<<<<
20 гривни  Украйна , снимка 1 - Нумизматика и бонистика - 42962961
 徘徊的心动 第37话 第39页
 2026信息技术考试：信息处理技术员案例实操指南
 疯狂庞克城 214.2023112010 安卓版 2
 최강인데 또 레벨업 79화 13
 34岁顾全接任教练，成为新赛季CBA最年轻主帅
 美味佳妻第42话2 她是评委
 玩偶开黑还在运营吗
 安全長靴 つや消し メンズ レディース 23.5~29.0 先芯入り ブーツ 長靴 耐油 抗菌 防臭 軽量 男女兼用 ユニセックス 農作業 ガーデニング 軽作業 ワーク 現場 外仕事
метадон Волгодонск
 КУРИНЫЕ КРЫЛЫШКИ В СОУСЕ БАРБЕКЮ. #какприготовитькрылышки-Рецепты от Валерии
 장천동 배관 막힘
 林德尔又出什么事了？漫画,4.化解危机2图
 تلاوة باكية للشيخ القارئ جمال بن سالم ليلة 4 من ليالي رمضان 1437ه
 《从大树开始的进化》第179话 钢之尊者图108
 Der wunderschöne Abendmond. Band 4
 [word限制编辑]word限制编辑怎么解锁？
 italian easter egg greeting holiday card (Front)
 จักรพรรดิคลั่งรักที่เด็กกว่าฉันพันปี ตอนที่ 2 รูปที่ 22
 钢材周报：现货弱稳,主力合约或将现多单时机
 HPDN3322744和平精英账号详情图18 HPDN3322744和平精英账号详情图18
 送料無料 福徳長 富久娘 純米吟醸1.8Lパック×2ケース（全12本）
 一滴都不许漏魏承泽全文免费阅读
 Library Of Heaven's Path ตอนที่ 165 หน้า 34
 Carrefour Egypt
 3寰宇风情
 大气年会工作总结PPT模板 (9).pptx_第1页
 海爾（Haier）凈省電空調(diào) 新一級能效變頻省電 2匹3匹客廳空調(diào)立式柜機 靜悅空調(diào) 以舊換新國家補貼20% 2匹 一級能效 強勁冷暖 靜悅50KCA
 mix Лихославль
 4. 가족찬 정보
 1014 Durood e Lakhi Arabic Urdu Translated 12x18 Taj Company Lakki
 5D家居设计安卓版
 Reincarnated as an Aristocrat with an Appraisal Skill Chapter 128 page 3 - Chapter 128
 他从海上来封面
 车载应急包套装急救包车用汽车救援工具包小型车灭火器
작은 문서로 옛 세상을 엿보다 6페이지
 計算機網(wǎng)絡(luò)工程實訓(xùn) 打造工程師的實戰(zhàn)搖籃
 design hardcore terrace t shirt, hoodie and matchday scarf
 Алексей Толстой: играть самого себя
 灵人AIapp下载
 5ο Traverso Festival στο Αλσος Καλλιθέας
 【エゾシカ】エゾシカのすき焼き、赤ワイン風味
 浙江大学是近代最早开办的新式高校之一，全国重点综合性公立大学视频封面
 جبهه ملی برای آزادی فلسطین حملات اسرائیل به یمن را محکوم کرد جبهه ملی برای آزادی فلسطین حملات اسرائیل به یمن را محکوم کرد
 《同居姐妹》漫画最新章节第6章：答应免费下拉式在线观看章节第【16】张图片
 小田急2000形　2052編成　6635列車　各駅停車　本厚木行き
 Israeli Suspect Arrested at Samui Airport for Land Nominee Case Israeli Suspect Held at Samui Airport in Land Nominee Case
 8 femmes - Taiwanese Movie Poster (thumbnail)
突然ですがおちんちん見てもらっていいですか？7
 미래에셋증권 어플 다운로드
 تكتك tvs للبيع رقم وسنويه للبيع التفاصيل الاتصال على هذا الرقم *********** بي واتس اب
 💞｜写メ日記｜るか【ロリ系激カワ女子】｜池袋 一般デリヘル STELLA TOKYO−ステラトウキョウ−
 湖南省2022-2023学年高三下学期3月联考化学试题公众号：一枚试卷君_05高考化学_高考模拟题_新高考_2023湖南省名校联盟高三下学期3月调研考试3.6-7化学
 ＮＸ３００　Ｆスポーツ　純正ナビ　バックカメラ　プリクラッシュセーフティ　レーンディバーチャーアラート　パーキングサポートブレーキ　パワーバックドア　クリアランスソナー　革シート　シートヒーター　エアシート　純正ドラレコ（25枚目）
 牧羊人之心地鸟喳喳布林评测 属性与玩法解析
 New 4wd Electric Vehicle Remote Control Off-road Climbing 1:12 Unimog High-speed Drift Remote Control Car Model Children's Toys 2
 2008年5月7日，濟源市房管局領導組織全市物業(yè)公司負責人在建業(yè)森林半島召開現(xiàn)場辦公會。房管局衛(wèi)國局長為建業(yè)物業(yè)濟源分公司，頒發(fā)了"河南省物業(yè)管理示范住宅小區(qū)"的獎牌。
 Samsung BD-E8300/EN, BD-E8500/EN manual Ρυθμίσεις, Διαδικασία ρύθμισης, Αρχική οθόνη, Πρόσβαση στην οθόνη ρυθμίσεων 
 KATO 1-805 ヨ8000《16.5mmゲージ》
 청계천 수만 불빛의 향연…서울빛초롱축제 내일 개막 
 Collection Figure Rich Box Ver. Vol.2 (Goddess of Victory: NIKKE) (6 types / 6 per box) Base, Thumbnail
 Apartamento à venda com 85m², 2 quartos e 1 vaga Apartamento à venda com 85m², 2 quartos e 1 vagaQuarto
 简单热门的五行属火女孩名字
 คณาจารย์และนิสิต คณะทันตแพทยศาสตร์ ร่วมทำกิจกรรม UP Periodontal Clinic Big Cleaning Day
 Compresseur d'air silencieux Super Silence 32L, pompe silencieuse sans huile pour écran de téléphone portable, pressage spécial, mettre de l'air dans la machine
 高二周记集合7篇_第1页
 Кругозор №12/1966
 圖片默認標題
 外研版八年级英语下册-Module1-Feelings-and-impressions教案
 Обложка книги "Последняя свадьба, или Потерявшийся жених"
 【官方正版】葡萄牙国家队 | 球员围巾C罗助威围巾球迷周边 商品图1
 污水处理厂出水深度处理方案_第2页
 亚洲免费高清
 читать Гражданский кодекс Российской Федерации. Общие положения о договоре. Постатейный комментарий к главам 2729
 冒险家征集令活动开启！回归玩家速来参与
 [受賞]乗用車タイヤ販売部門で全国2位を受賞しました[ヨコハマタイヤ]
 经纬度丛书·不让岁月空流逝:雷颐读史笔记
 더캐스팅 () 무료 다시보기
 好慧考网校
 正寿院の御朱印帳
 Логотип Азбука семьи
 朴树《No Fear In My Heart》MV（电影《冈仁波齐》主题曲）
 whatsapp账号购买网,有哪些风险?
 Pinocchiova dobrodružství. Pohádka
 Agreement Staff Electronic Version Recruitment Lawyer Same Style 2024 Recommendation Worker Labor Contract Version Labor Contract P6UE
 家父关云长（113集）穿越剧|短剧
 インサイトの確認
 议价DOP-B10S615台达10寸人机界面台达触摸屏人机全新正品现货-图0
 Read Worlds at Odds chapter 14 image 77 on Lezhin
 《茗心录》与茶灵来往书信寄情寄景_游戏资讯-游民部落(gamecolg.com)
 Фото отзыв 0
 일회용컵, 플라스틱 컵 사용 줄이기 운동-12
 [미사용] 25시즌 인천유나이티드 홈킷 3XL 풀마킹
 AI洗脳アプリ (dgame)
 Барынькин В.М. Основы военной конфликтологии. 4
>>>>
**Problem requirements:**
The expected output is each line of the records above that includes the word "ตอนท".

**Answer area:**
 จักรพรรดิคลั่งรักที่เด็กกว่าฉันพันปี ตอนที่ 2 รูปที่ 22
 Library Of Heaven's Path ตอนที่ 165 หน้า 34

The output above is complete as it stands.